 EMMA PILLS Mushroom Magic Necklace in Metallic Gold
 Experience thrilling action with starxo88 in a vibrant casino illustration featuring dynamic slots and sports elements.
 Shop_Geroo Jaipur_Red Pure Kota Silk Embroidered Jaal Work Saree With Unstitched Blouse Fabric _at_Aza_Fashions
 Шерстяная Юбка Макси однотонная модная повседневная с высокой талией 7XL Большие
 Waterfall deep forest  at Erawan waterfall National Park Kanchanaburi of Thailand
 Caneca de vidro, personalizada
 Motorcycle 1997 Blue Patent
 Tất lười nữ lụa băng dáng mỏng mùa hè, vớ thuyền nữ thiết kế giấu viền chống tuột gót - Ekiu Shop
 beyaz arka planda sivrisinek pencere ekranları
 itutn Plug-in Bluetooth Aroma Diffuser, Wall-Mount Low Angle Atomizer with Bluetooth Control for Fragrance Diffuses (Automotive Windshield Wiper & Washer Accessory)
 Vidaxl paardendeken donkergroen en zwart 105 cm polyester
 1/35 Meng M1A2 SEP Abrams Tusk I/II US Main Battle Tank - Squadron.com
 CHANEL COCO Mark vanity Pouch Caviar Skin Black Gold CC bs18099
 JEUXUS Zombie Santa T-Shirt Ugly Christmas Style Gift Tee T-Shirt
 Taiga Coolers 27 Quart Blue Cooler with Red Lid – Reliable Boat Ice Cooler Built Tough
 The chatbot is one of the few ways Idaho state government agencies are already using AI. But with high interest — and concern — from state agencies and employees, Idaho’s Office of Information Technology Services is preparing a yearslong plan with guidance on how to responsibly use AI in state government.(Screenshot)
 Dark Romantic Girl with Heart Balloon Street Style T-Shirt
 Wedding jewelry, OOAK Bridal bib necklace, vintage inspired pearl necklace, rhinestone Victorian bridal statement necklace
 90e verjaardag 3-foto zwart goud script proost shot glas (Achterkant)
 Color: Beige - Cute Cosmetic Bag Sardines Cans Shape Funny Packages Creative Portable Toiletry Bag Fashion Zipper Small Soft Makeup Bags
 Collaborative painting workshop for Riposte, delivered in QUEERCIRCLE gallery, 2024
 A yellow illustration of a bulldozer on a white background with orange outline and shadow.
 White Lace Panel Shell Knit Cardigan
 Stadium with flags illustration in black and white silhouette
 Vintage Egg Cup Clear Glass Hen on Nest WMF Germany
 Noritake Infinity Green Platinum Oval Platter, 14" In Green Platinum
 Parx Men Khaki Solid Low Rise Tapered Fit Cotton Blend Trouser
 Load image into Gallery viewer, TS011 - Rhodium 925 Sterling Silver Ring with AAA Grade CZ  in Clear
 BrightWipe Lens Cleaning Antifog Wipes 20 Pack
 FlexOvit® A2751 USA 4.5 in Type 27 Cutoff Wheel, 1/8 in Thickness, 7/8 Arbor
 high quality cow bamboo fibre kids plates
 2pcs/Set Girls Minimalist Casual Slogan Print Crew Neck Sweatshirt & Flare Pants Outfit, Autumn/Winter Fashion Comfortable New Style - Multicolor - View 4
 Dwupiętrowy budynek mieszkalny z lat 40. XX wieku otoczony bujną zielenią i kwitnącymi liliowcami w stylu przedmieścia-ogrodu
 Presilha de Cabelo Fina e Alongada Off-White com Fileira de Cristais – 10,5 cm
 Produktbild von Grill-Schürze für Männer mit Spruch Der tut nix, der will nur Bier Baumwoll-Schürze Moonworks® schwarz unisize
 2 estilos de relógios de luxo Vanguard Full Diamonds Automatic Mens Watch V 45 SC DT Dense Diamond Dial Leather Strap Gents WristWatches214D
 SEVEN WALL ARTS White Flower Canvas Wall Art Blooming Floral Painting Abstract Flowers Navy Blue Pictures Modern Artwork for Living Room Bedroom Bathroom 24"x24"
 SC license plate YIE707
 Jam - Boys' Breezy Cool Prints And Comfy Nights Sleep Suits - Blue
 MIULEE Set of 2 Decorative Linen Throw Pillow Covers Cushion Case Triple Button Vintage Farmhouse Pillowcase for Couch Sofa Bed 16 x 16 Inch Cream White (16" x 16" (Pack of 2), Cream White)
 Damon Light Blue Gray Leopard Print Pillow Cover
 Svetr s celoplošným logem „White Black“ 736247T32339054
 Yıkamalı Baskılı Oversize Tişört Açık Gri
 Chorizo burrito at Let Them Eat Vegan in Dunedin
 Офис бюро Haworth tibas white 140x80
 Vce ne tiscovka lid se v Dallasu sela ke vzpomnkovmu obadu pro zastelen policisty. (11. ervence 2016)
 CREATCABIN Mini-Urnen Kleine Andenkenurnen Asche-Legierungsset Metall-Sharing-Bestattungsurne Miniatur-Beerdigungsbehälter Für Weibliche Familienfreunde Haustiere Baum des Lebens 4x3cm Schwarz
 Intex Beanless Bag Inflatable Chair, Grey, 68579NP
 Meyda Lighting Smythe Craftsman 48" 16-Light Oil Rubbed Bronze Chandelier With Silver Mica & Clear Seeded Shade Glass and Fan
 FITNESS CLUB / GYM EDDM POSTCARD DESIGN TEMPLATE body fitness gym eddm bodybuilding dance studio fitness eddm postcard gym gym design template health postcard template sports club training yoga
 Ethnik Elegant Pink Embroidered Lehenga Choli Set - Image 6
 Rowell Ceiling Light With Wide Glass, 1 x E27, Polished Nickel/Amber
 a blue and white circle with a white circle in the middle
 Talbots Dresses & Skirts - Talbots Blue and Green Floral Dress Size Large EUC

_Task prompt_
Print the entries once more, character for character.

_Answer space_
 EMMA PILLS Mushroom Magic Necklace in Metallic Gold
 Experience thrilling action with starxo88 in a vibrant casino illustration featuring dynamic slots and sports elements.
 Shop_Geroo Jaipur_Red Pure Kota Silk Embroidered Jaal Work Saree With Unstitched Blouse Fabric _at_Aza_Fashions
 Шерстяная Юбка Макси однотонная модная повседневная с высокой талией 7XL Большие
 Waterfall deep forest  at Erawan waterfall National Park Kanchanaburi of Thailand
 Caneca de vidro, personalizada
 Motorcycle 1997 Blue Patent
 Tất lười nữ lụa băng dáng mỏng mùa hè, vớ thuyền nữ thiết kế giấu viền chống tuột gót - Ekiu Shop
 beyaz arka planda sivrisinek pencere ekranları
 itutn Plug-in Bluetooth Aroma Diffuser, Wall-Mount Low Angle Atomizer with Bluetooth Control for Fragrance Diffuses (Automotive Windshield Wiper & Washer Accessory)
 Vidaxl paardendeken donkergroen en zwart 105 cm polyester
 1/35 Meng M1A2 SEP Abrams Tusk I/II US Main Battle Tank - Squadron.com
 CHANEL COCO Mark vanity Pouch Caviar Skin Black Gold CC bs18099
 JEUXUS Zombie Santa T-Shirt Ugly Christmas Style Gift Tee T-Shirt
 Taiga Coolers 27 Quart Blue Cooler with Red Lid – Reliable Boat Ice Cooler Built Tough
 The chatbot is one of the few ways Idaho state government agencies are already using AI. But with high interest — and concern — from state agencies and employees, Idaho’s Office of Information Technology Services is preparing a yearslong plan with guidance on how to responsibly use AI in state government.(Screenshot)
 Dark Romantic Girl with Heart Balloon Street Style T-Shirt
 Wedding jewelry, OOAK Bridal bib necklace, vintage inspired pearl necklace, rhinestone Victorian bridal statement necklace
 90e verjaardag 3-foto zwart goud script proost shot glas (Achterkant)
 Color: Beige - Cute Cosmetic Bag Sardines Cans Shape Funny Packages Creative Portable Toiletry Bag Fashion Zipper Small Soft Makeup Bags
 Collaborative painting workshop for Riposte, delivered in QUEERCIRCLE gallery, 2024
 A yellow illustration of a bulldozer on a white background with orange outline and shadow.
 White Lace Panel Shell Knit Cardigan
 Stadium with flags illustration in black and white silhouette
 Vintage Egg Cup Clear Glass Hen on Nest WMF Germany
 Noritake Infinity Green Platinum Oval Platter, 14" In Green Platinum
 Parx Men Khaki Solid Low Rise Tapered Fit Cotton Blend Trouser
 Load image into Gallery viewer, TS011 - Rhodium 925 Sterling Silver Ring with AAA Grade CZ  in Clear
 BrightWipe Lens Cleaning Antifog Wipes 20 Pack
 FlexOvit® A2751 USA 4.5 in Type 27 Cutoff Wheel, 1/8 in Thickness, 7/8 Arbor
 high quality cow bamboo fibre kids plates
 2pcs/Set Girls Minimalist Casual Slogan Print Crew Neck Sweatshirt & Flare Pants Outfit, Autumn/Winter Fashion Comfortable New Style - Multicolor - View 4
 Dwupiętrowy budynek mieszkalny z lat 40. XX wieku otoczony bujną zielenią i kwitnącymi liliowcami w stylu przedmieścia-ogrodu
 Presilha de Cabelo Fina e Alongada Off-White com Fileira de Cristais – 10,5 cm
 Produktbild von Grill-Schürze für Männer mit Spruch Der tut nix, der will nur Bier Baumwoll-Schürze Moonworks® schwarz unisize
 2 estilos de relógios de luxo Vanguard Full Diamonds Automatic Mens Watch V 45 SC DT Dense Diamond Dial Leather Strap Gents WristWatches214D
 SEVEN WALL ARTS White Flower Canvas Wall Art Blooming Floral Painting Abstract Flowers Navy Blue Pictures Modern Artwork for Living Room Bedroom Bathroom 24"x24"
 SC license plate YIE707
 Jam - Boys' Breezy Cool Prints And Comfy Nights Sleep Suits - Blue
 MIULEE Set of 2 Decorative Linen Throw Pillow Covers Cushion Case Triple Button Vintage Farmhouse Pillowcase for Couch Sofa Bed 16 x 16 Inch Cream White (16" x 16" (Pack of 2), Cream White)
 Damon Light Blue Gray Leopard Print Pillow Cover
 Svetr s celoplošným logem „White Black“ 736247T32339054
 Yıkamalı Baskılı Oversize Tişört Açık Gri
 Chorizo burrito at Let Them Eat Vegan in Dunedin
 Офис бюро Haworth tibas white 140x80
 Vce ne tiscovka lid se v Dallasu sela ke vzpomnkovmu obadu pro zastelen policisty. (11. ervence 2016)
 CREATCABIN Mini-Urnen Kleine Andenkenurnen Asche-Legierungsset Metall-Sharing-Bestattungsurne Miniatur-Beerdigungsbehälter Für Weibliche Familienfreunde Haustiere Baum des Lebens 4x3cm Schwarz
 Intex Beanless Bag Inflatable Chair, Grey, 68579NP
 Meyda Lighting Smythe Craftsman 48" 16-Light Oil Rubbed Bronze Chandelier With Silver Mica & Clear Seeded Shade Glass and Fan
 FITNESS CLUB / GYM EDDM POSTCARD DESIGN TEMPLATE body fitness gym eddm bodybuilding dance studio fitness eddm postcard gym gym design template health postcard template sports club training yoga
 Ethnik Elegant Pink Embroidered Lehenga Choli Set - Image 6
 Rowell Ceiling Light With Wide Glass, 1 x E27, Polished Nickel/Amber
 a blue and white circle with a white circle in the middle
 Talbots Dresses & Skirts - Talbots Blue and Green Floral Dress Size Large EUC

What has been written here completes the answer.